▶ Requirement
For the data below, transcribe the part that opens with the line containing "Manufacturer: Ikep 4." and closes with the line containing "Welcome Latino followers.", exactly and with no pictures.
Data provided section start
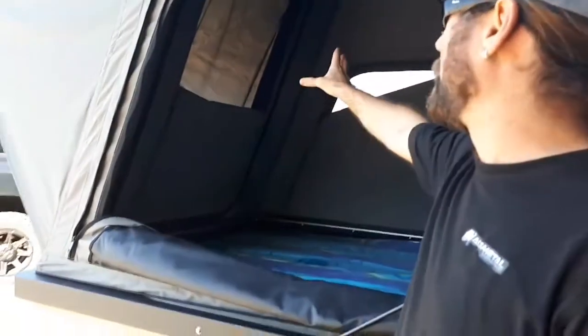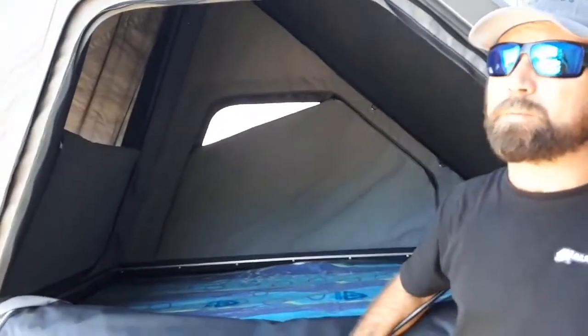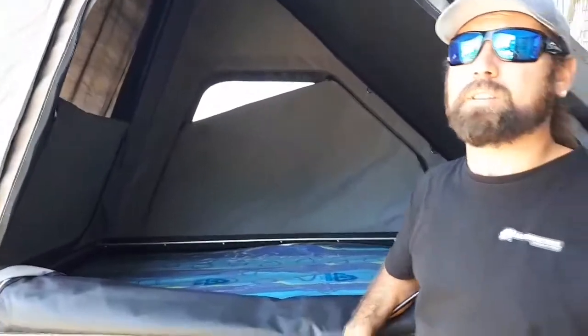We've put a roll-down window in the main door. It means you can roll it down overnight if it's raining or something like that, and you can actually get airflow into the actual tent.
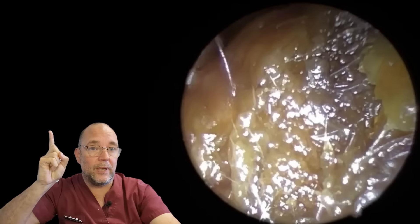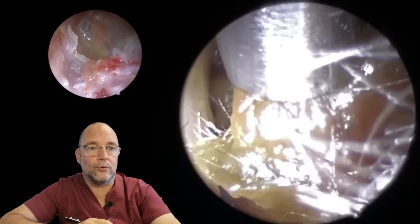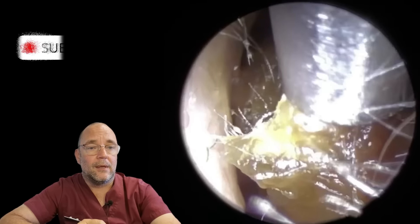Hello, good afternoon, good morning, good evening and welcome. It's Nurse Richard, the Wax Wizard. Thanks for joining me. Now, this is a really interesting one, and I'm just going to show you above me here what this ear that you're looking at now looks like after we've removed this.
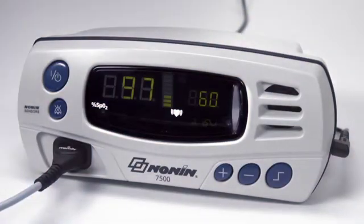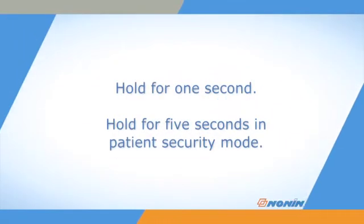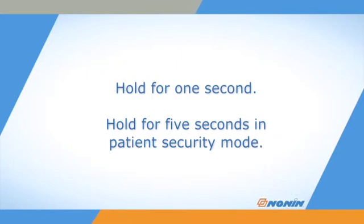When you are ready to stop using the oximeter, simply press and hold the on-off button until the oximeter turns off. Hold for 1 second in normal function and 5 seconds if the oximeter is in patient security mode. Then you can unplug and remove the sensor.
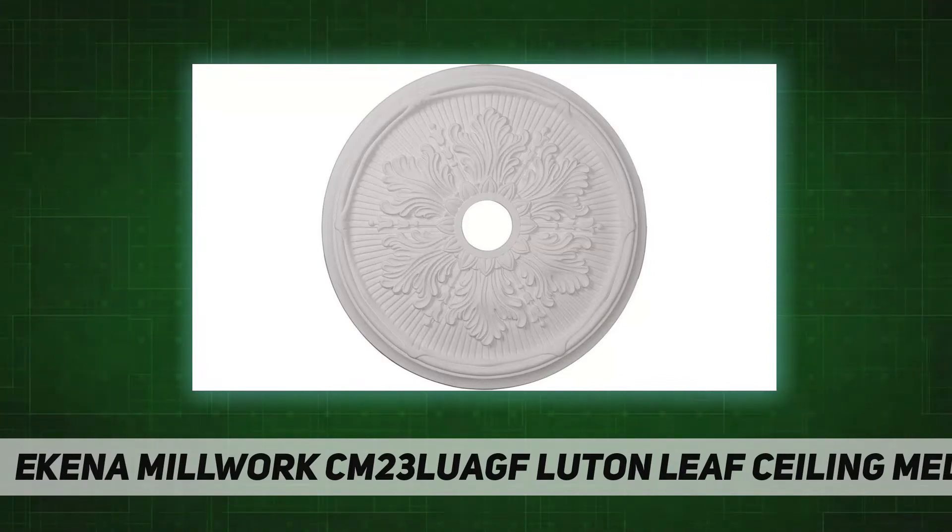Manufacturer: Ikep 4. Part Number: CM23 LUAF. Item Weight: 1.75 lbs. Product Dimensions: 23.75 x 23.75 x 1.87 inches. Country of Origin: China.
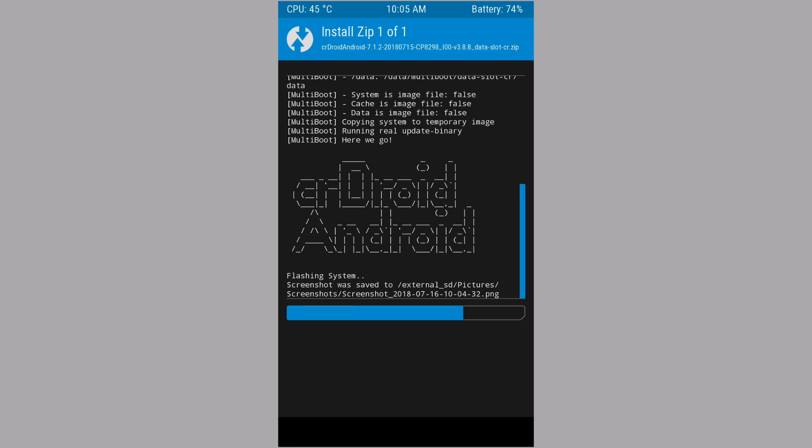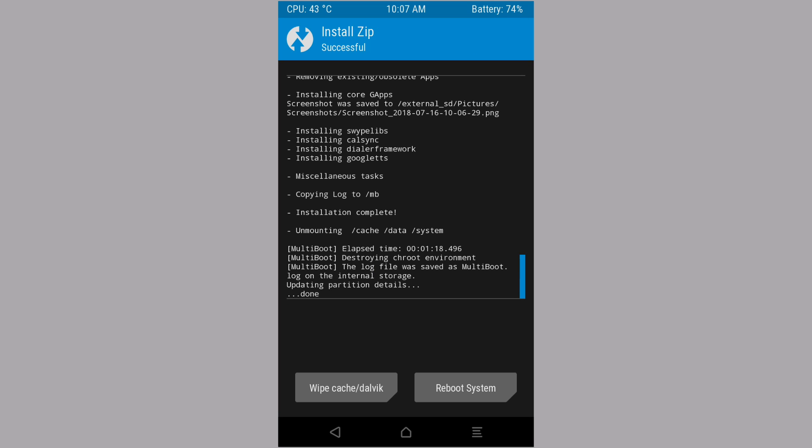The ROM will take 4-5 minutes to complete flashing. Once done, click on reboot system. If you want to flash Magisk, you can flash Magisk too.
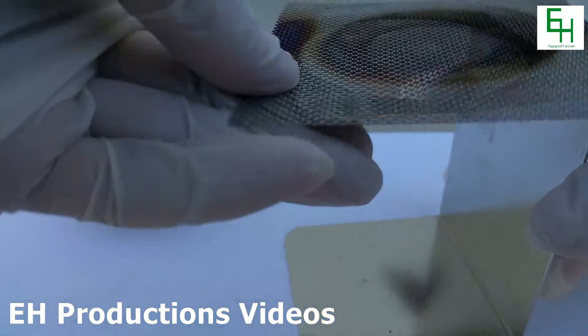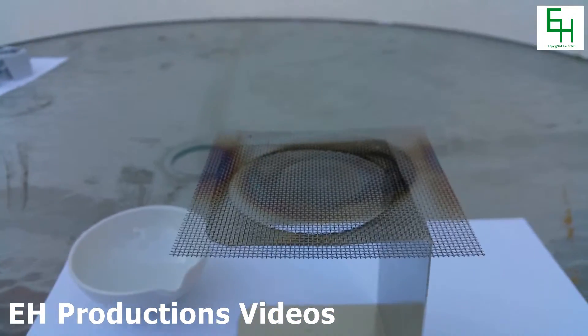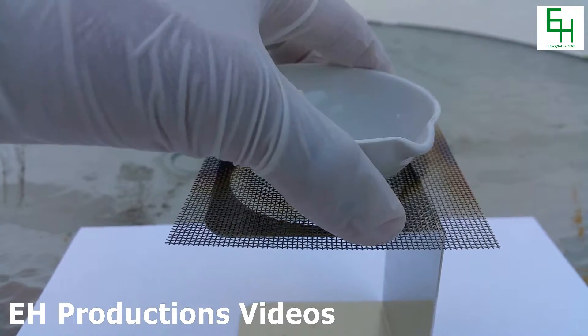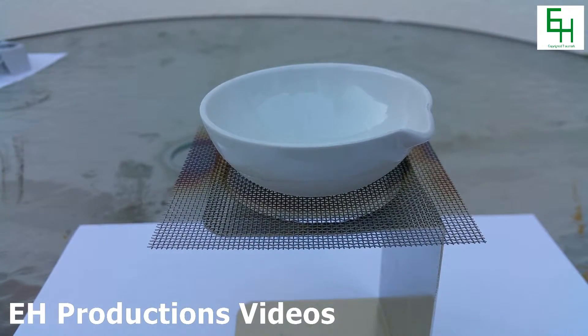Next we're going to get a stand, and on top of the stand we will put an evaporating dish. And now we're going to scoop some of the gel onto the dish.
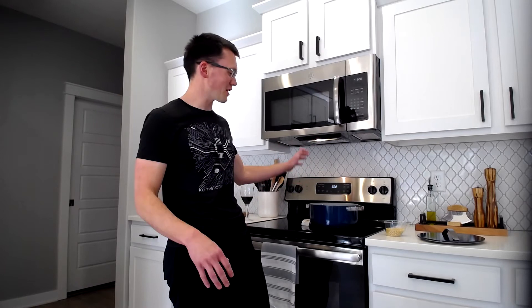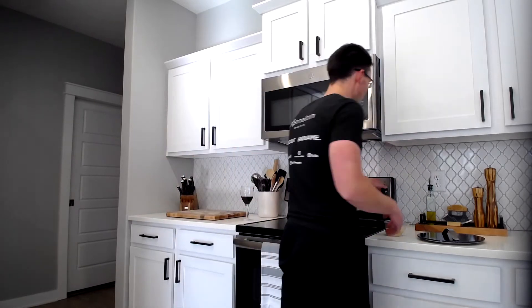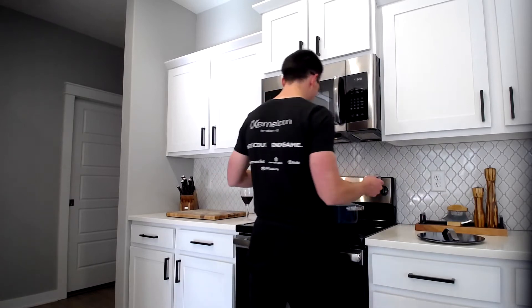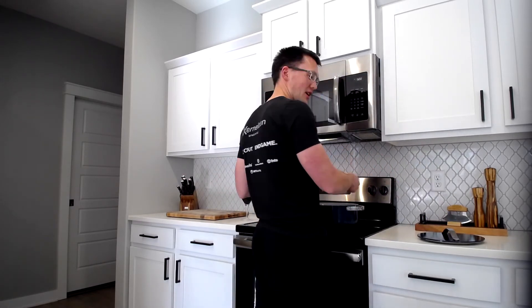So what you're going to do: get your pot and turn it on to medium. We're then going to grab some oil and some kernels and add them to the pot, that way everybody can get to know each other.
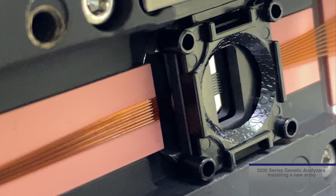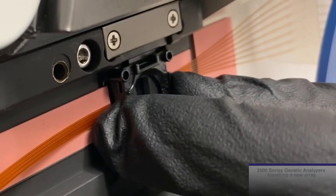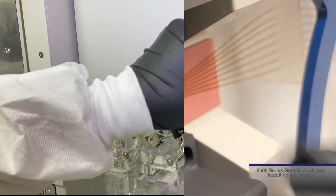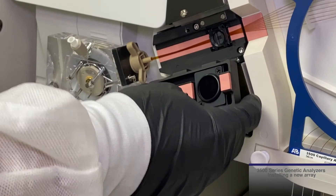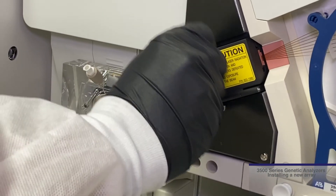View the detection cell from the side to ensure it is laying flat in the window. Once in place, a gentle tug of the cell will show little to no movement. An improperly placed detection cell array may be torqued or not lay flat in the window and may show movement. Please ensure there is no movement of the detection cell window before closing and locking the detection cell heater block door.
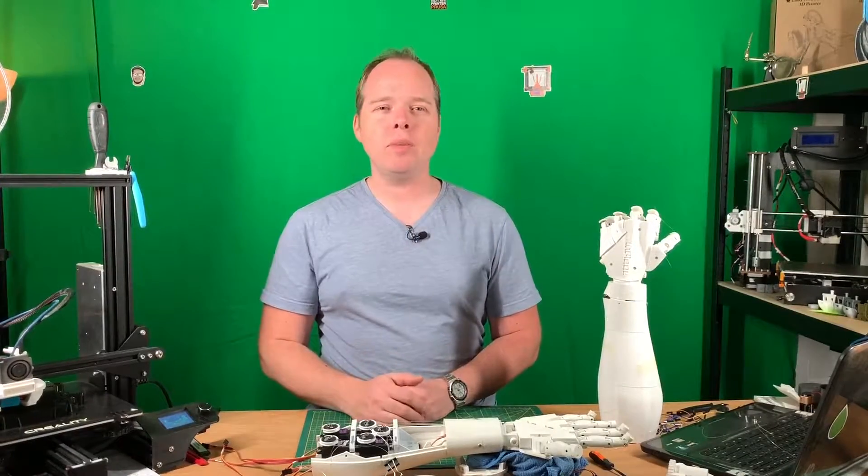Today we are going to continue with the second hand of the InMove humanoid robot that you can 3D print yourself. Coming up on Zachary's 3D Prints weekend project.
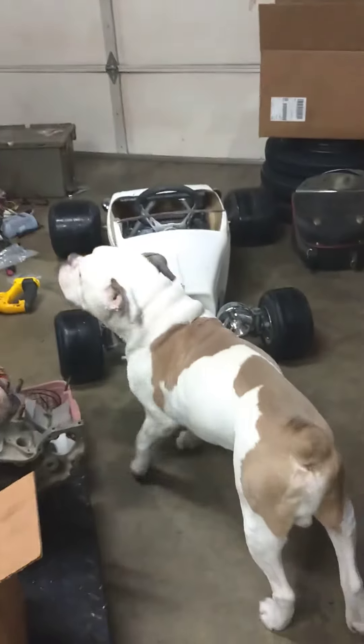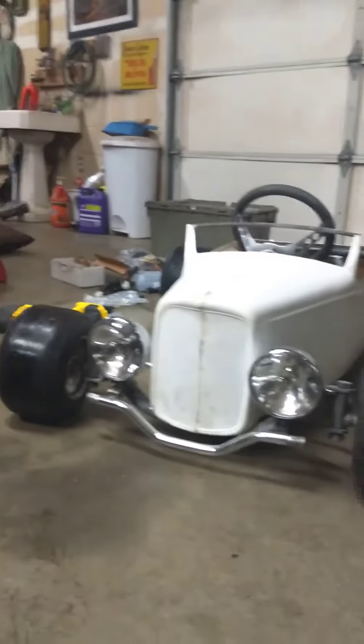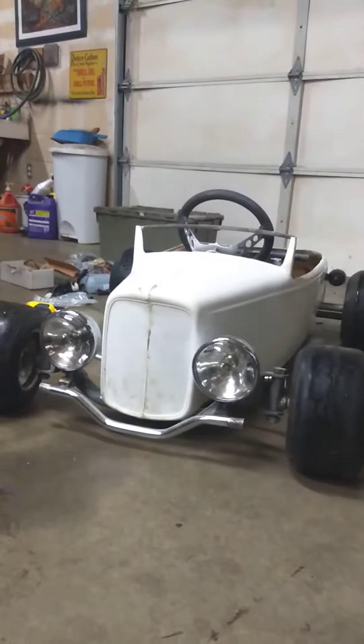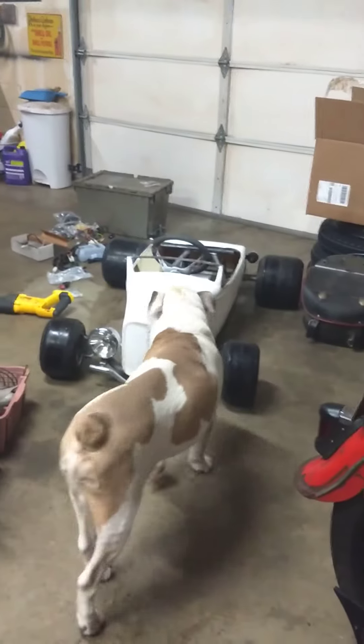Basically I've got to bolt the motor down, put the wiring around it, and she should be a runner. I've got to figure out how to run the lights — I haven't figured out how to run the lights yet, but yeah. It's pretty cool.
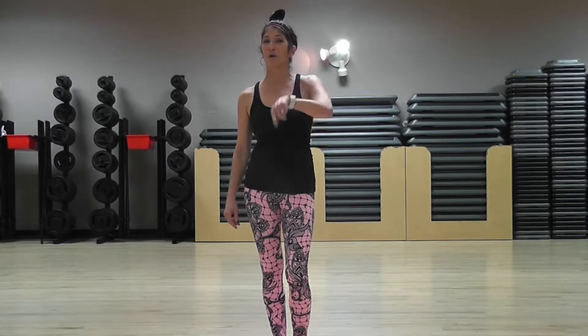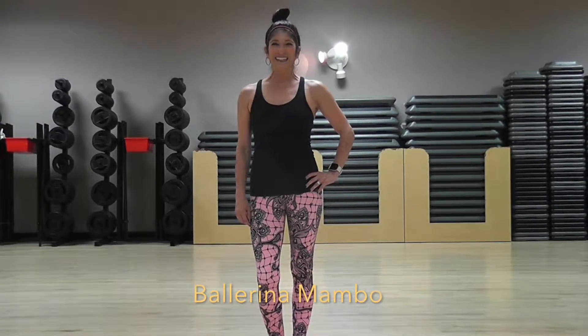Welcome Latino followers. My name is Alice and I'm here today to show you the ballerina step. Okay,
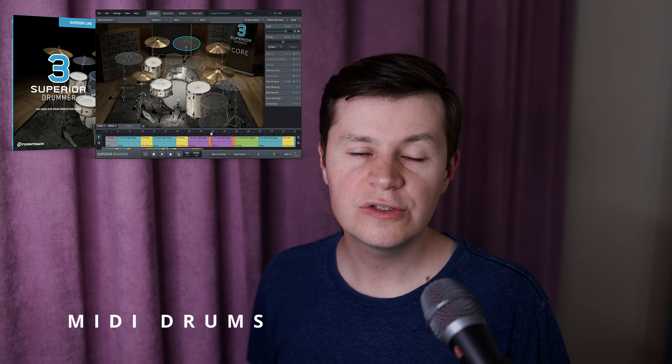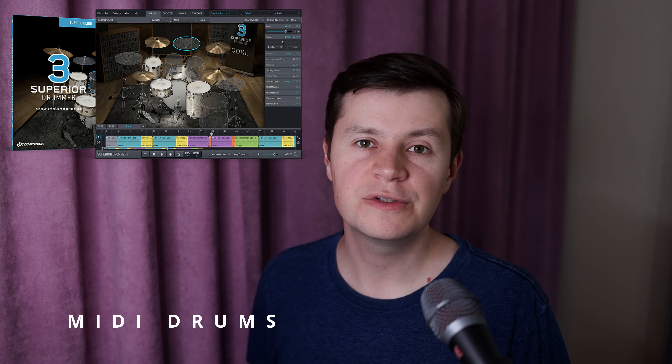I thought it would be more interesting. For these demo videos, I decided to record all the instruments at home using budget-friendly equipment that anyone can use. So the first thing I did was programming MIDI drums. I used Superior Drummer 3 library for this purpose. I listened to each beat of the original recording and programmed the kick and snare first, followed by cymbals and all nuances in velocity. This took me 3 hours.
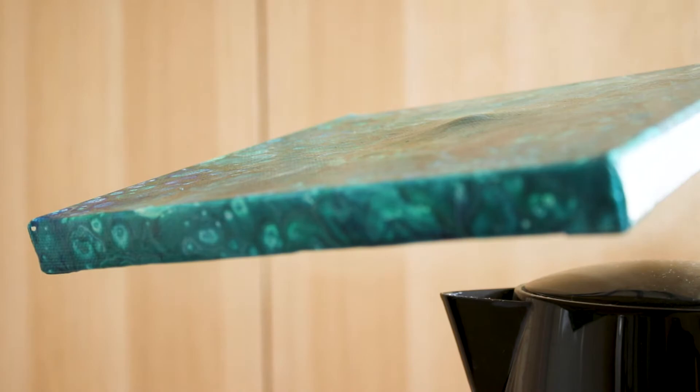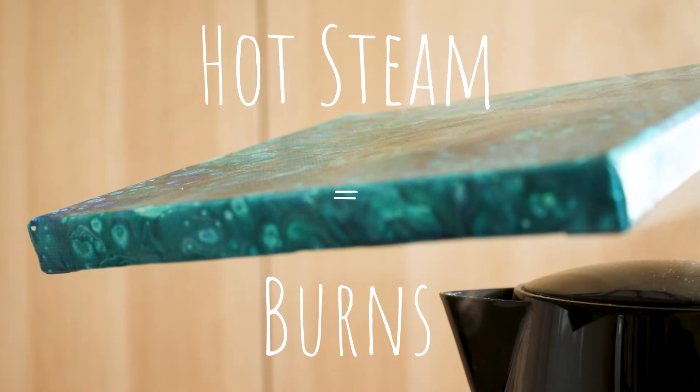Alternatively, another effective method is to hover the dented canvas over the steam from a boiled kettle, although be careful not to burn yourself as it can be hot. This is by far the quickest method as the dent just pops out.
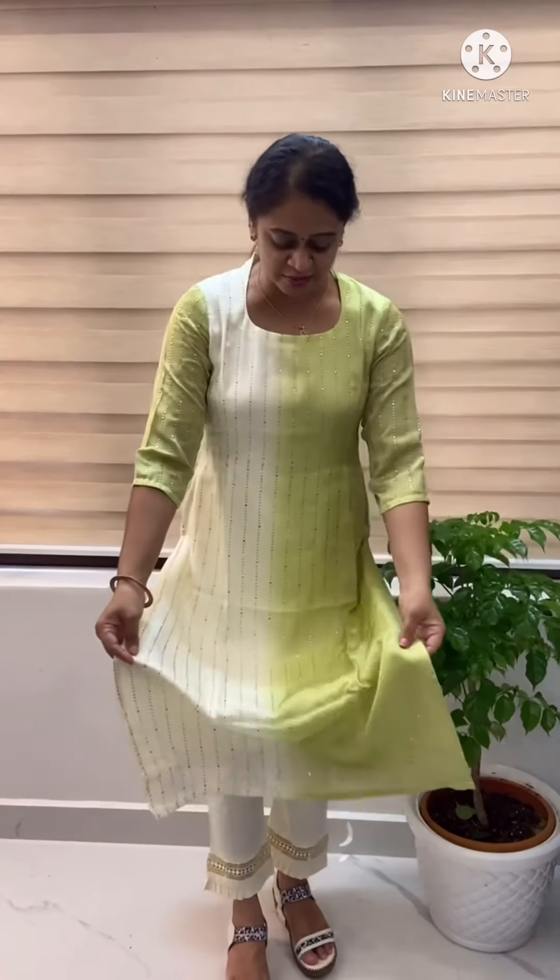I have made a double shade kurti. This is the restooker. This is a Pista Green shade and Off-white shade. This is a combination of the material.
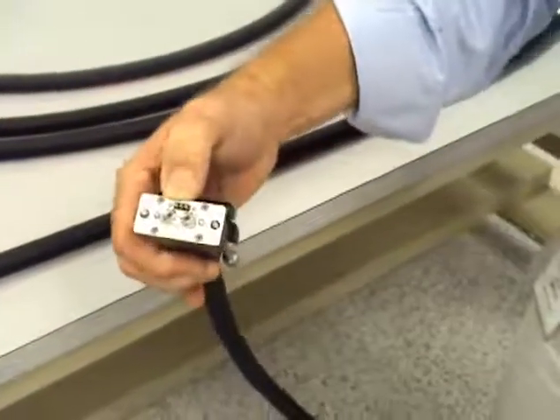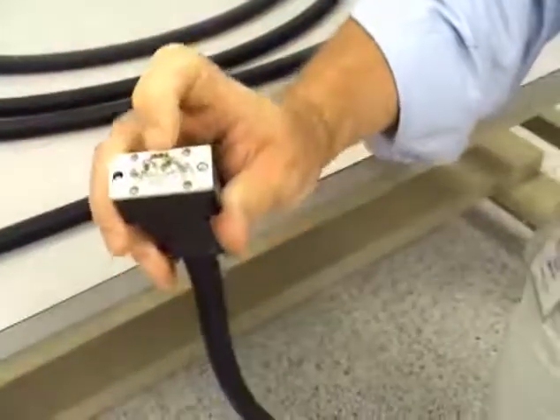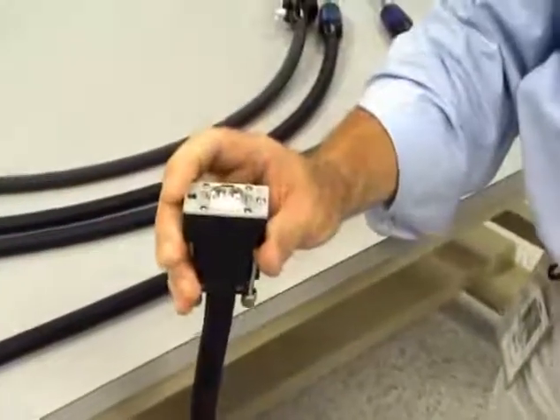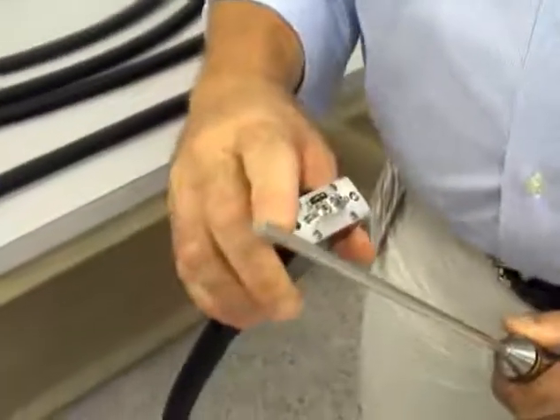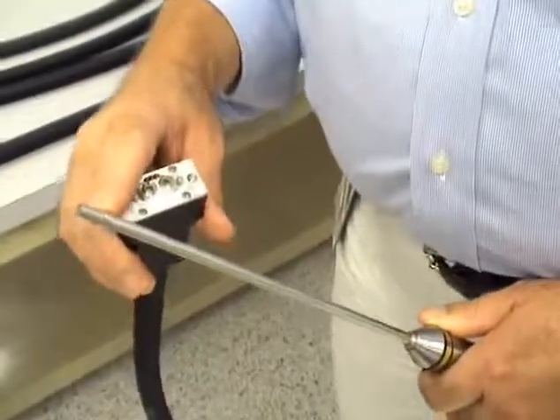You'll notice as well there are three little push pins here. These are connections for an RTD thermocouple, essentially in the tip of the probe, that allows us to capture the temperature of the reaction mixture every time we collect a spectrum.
Data provided section end
▶ Finished task
Manufacturer: Ikep 4. Part Number: CM23 LUAF. Item Weight: 1.75 lbs. Product Dimensions: 23.75 x 23.75 x 1.87 inches. Country of Origin: China.
The ROM will take 4-5 minutes to complete flashing. Once done, click on reboot system. If you want to flash Magisk, you can flash Magisk too.
Next we're going to get a stand, and on top of the stand we will put an evaporating dish. And now we're going to scoop some of the gel onto the dish.
So what you're going to do: get your pot and turn it on to medium. We're then going to grab some oil and some kernels and add them to the pot, that way everybody can get to know each other.
View the detection cell from the side to ensure it is laying flat in the window. Once in place, a gentle tug of the cell will show little to no movement. An improperly placed detection cell array may be torqued or not lay flat in the window and may show movement. Please ensure there is no movement of the detection cell window before closing and locking the detection cell heater block door.
Today we are going to continue with the second hand of the InMove humanoid robot that you can 3D print yourself. Coming up on Zachary's 3D Prints weekend project.
Basically I've got to bolt the motor down, put the wiring around it, and she should be a runner. I've got to figure out how to run the lights — I haven't figured out how to run the lights yet, but yeah. It's pretty cool.
Welcome Latino followers. My name is Alice and I'm here today to show you the ballerina step. Okay,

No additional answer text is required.